(Study material):
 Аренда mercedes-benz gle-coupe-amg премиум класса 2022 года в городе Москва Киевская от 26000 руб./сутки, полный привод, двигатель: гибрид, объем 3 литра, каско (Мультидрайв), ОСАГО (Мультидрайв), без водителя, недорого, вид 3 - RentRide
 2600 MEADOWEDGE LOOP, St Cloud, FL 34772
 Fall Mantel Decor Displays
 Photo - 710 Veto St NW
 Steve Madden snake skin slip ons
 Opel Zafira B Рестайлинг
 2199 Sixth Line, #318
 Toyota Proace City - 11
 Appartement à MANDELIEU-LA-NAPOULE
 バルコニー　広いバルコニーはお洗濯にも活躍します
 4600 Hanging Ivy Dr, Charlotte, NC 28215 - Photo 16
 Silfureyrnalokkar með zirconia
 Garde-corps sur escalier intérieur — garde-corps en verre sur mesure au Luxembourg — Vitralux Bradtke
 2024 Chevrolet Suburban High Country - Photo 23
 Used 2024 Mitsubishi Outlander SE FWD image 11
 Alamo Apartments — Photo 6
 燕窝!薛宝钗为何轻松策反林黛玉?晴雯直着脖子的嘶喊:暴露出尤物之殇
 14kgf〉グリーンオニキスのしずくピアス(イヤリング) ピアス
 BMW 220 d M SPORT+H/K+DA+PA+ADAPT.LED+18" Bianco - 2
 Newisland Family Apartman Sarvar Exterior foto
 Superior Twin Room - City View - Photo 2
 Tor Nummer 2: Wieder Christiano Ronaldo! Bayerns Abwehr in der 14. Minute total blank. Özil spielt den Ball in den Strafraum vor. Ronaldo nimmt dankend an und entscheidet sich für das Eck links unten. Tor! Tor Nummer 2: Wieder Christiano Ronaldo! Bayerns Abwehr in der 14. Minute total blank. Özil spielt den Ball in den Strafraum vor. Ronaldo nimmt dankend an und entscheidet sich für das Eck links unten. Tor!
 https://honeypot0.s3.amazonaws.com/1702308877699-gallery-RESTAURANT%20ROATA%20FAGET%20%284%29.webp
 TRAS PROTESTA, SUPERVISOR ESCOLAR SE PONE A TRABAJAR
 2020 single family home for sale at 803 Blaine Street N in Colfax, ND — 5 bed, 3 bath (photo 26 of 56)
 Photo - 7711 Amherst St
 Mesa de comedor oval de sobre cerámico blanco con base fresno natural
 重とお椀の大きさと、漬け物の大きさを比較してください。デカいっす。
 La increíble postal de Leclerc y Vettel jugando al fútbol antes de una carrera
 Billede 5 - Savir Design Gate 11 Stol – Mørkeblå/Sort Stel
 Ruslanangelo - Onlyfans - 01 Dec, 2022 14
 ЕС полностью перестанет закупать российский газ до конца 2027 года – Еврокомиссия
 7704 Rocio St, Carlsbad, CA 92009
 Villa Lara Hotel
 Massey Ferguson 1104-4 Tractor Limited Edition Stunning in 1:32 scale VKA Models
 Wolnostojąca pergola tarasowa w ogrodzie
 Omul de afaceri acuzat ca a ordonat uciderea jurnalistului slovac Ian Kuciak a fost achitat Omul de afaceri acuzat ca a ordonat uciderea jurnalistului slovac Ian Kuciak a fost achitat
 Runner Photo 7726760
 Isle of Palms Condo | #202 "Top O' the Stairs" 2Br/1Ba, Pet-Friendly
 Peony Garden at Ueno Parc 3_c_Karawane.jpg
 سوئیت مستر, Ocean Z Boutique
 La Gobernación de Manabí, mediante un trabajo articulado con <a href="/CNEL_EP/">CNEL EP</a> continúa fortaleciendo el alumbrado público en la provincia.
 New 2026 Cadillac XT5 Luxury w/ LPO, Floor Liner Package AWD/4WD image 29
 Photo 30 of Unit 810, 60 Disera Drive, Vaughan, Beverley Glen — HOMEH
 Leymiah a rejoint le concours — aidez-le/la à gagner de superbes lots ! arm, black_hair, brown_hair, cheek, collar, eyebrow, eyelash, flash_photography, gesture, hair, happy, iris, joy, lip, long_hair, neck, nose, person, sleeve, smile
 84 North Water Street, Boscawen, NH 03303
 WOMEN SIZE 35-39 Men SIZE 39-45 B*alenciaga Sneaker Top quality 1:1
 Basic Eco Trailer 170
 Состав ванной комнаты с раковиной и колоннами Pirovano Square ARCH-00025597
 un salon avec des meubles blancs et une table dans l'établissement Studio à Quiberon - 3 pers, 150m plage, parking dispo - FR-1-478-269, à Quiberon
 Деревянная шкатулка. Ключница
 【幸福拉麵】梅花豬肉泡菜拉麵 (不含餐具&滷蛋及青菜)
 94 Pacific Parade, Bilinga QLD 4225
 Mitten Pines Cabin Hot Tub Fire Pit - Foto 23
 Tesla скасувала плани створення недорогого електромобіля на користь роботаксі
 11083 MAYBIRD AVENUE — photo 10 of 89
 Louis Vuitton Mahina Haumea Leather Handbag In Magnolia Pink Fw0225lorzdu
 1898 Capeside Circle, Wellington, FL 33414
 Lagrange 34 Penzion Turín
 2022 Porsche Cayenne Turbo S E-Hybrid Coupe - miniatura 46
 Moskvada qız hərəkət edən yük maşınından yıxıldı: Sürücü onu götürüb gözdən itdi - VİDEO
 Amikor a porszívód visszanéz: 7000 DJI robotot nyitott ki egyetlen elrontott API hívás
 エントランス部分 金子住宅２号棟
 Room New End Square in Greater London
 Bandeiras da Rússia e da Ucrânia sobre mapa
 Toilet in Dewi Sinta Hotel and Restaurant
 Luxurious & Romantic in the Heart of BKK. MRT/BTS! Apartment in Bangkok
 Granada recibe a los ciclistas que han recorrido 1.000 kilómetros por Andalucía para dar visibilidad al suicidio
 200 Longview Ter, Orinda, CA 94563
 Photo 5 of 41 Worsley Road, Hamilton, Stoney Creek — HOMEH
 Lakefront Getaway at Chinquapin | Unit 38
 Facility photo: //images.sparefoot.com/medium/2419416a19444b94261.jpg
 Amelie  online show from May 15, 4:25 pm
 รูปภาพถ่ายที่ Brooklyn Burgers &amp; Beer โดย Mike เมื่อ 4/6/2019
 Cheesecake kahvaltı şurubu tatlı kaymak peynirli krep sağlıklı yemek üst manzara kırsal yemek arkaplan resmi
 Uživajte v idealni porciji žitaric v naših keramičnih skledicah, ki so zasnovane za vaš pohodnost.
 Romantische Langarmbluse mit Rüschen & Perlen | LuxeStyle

(Work to be completed): Exact copies of the lines from the one holding "15, 4:25 pm" through the last line above, and only those, make up the answer.

(Exercise response):
 Amelie  online show from May 15, 4:25 pm
 รูปภาพถ่ายที่ Brooklyn Burgers &amp; Beer โดย Mike เมื่อ 4/6/2019
 Cheesecake kahvaltı şurubu tatlı kaymak peynirli krep sağlıklı yemek üst manzara kırsal yemek arkaplan resmi
 Uživajte v idealni porciji žitaric v naših keramičnih skledicah, ki so zasnovane za vaš pohodnost.
 Romantische Langarmbluse mit Rüschen & Perlen | LuxeStyle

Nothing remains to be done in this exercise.